Jesse Liu signature still exists right? It is the best looking arrow-model atleast in my opinion.

I believe that Jesse is the creator of the Arrow shape, I remember seeing mockups made by him and wasnt the JL-7 first Arrow-shaped ESP?


----------



## Nag (Feb 12, 2017)

feraledge said:


> ^ Have to disagree. I think binding wouldn't look right on the body with the contours.
> But that's one sexy backside...




that neckjoint heel is slightly more carved out than what my SV Standard has. Still not ideal by any means but I'd definitely prefer having that


----------



## Andromalia (Feb 12, 2017)

Sleazy_D said:


> I would if it wasn't the baby metal arrow. Ha


It just has a band logo on the back of the headstock, otherwise it's an arrow with red stripes.


----------



## DH31701 (Sep 7, 2017)

Lada The Great said:


> Jesse Liu signature still exists right? It is the best looking arrow-model atleast in my opinion.
> 
> I believe that Jesse is the creator of the Arrow shape, I remember seeing mockups made by him and wasnt the JL-7 first Arrow-shaped ESP?



Nope, the Original Series Arrow actually came out sometime around 2008 if I remembered correctly

Jesse's model is based on the Arrow shape, and was made in 2011


----------



## couverdure (Sep 7, 2017)

Andromalia said:


> It just has a band logo on the back of the headstock, otherwise it's an arrow with red stripes.


Is that Frederic Leclercq?


----------



## Yash94 (May 5, 2018)

Sorry for necrobumping this one, but this is the only thread I found about it, and seems like I am the only owner of an Arrow 7. Here's mine.






I really love it. The tuners make it easy to restring quickly, just lock and go. The setup from the factory was pretty good, with 9s though. Changed it to 10-60 Dunlop set and plays really nice. And the EMG pickups are pretty good and versatile.

Regarding the babymetal model, I think it looks badass, would have loved to get it but it's a hefty $500 expensive if I remember correctly, and, the pickups are 81-7 and 707TW I think? Different pickups, but that isn't a loss.

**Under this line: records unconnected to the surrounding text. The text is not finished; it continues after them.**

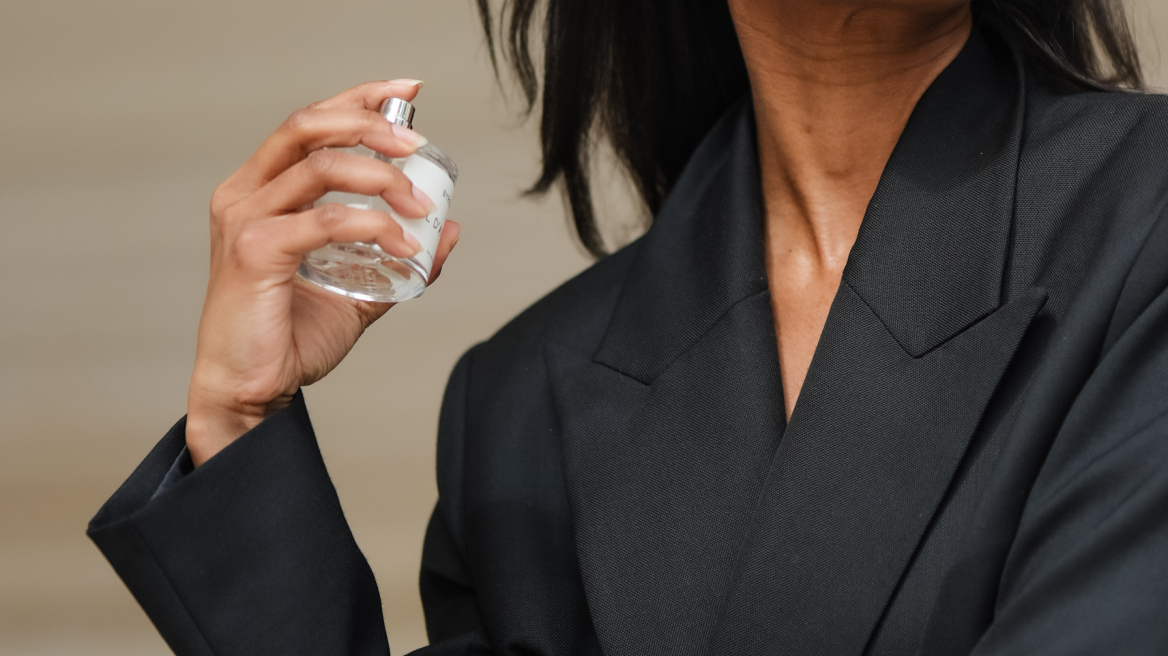 Πέντε tips για να διαρκεί το άρωμά σας όλη την ημέρα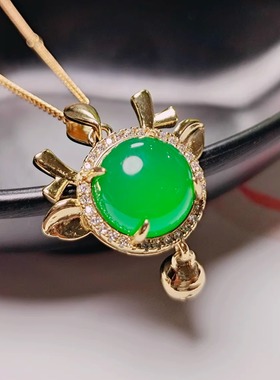 天然绿玉髓镶嵌帝王绿小鹿角圆面吊坠一路有你项链锁骨链时尚挂件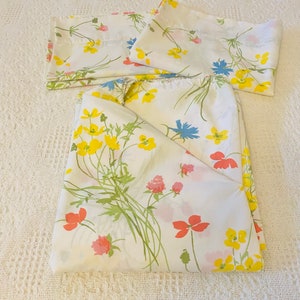 Vintage Sheet Set, Twin Fitted and Two Pillow Cases, 1970’s Whimsical Floral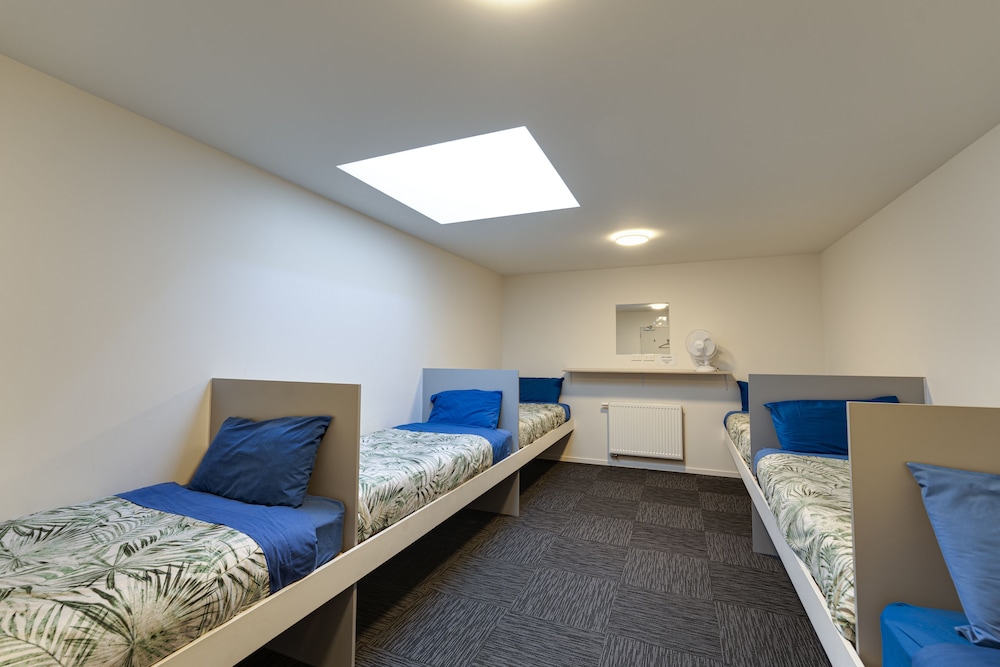 6 Bed Room photo 1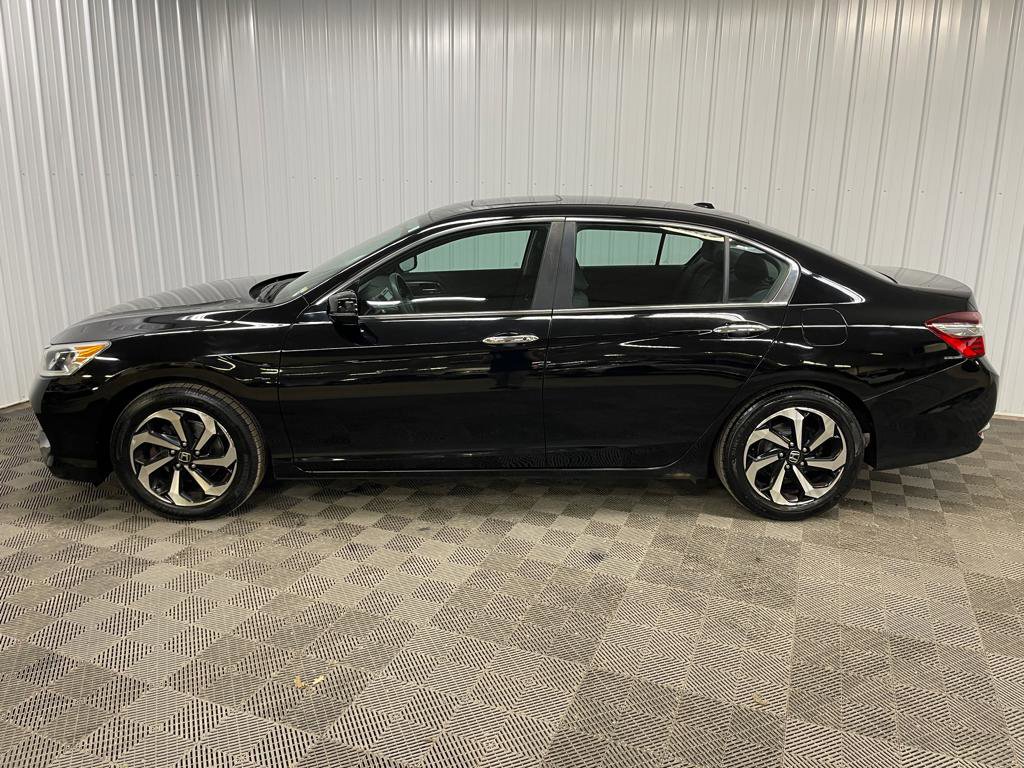 Used 2016 Honda Accord EX image 5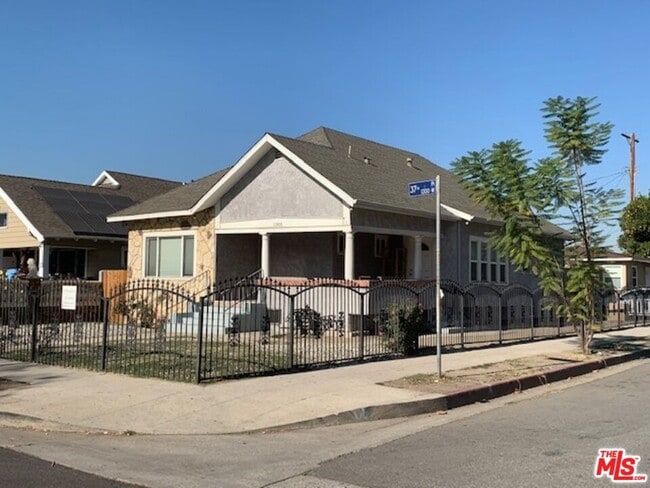 property at 1305 W 37th Pl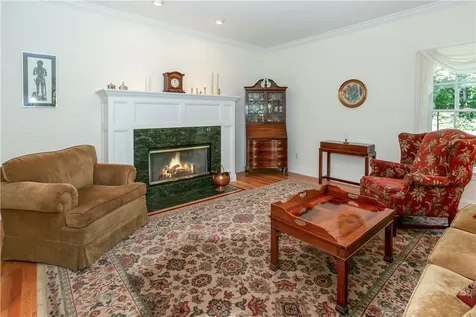 305 West Street White Plains NY 10605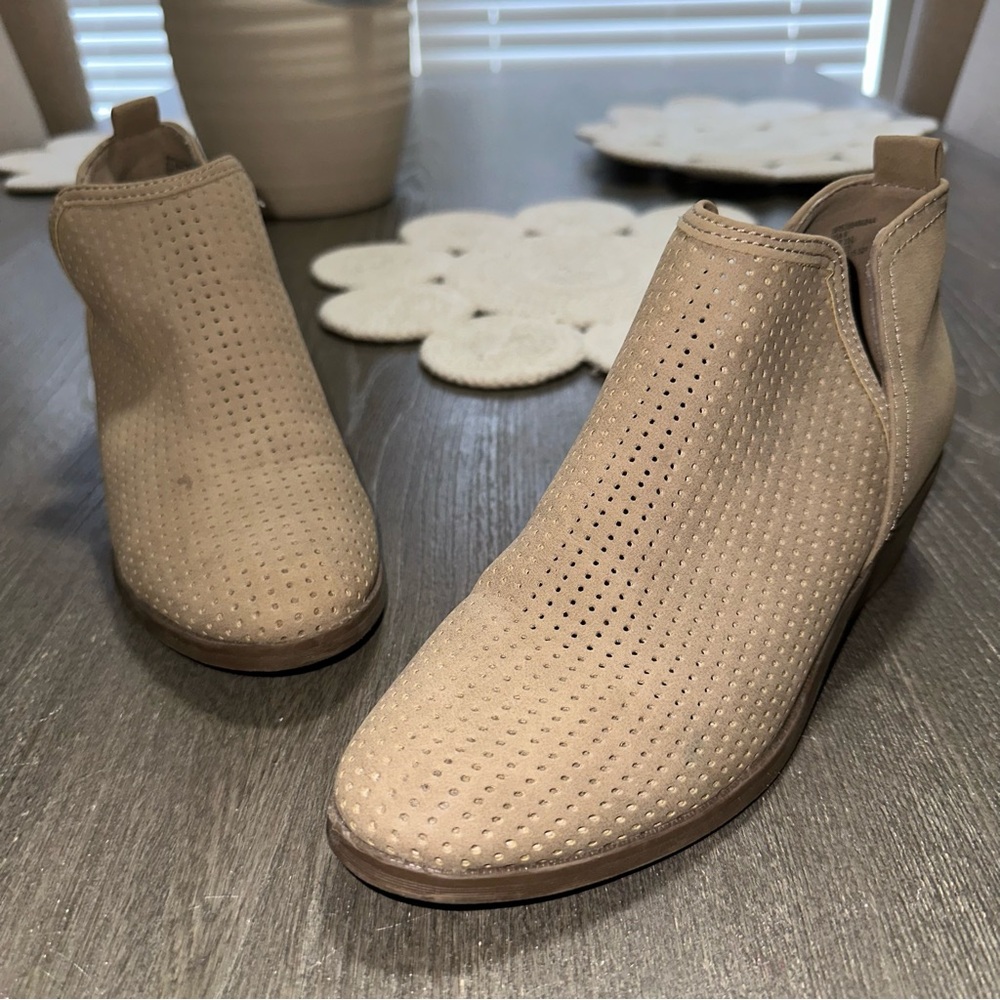 Women's Brown Ankle Boots Size 8W.  See Pictures/Time and Tru pre-owned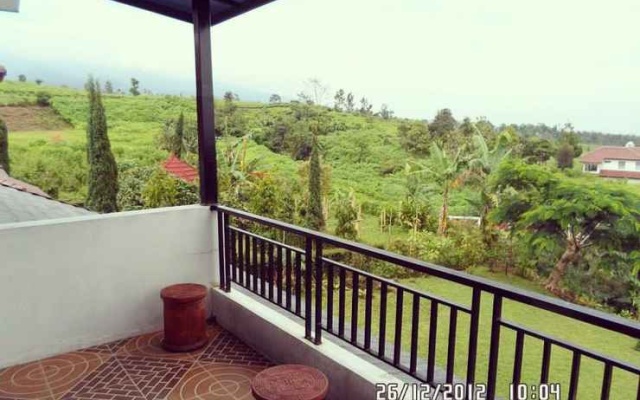 Villa Lembah Hijau Ciater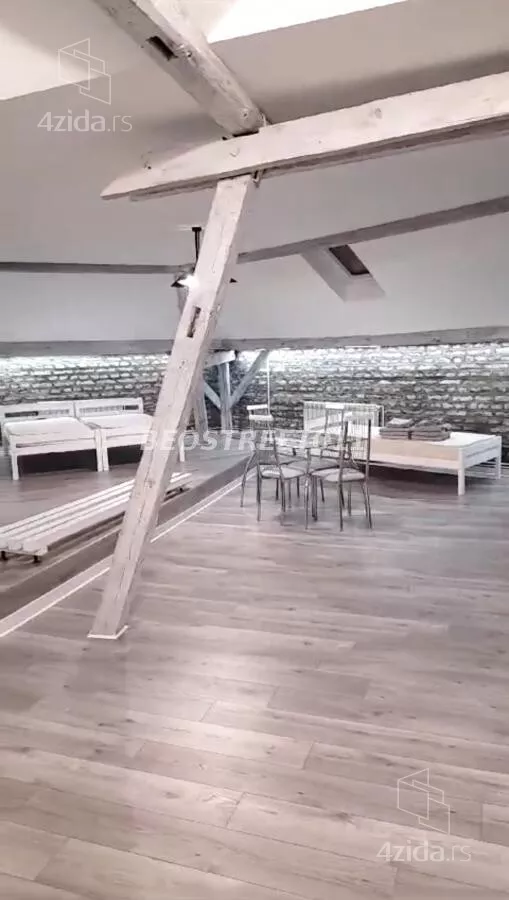 Troiposoban stan | 4zida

Anyway, I have been playing it heavily for the past 5 months and I am pretty impressed with it, it balances pretty well while standing, and sits really nice between your legs while sitting, although, my Jackson is a tad more comfortable than this.

Also, the guitar is absolutely HUGE. It doesn't fit in my gig bag for the Jackson, as the headstock is with 7 strings and the asymmetrical V positions kinda oddly. The case that came with it is pretty heavy and heavy duty as well  So, finding a gig bag for this will be pretty difficult.

And here's my mini review on the guitar. I think I'll post a full on review after a month or two (when I am hopefully a better player) and have had more time with the guitar to criticise it.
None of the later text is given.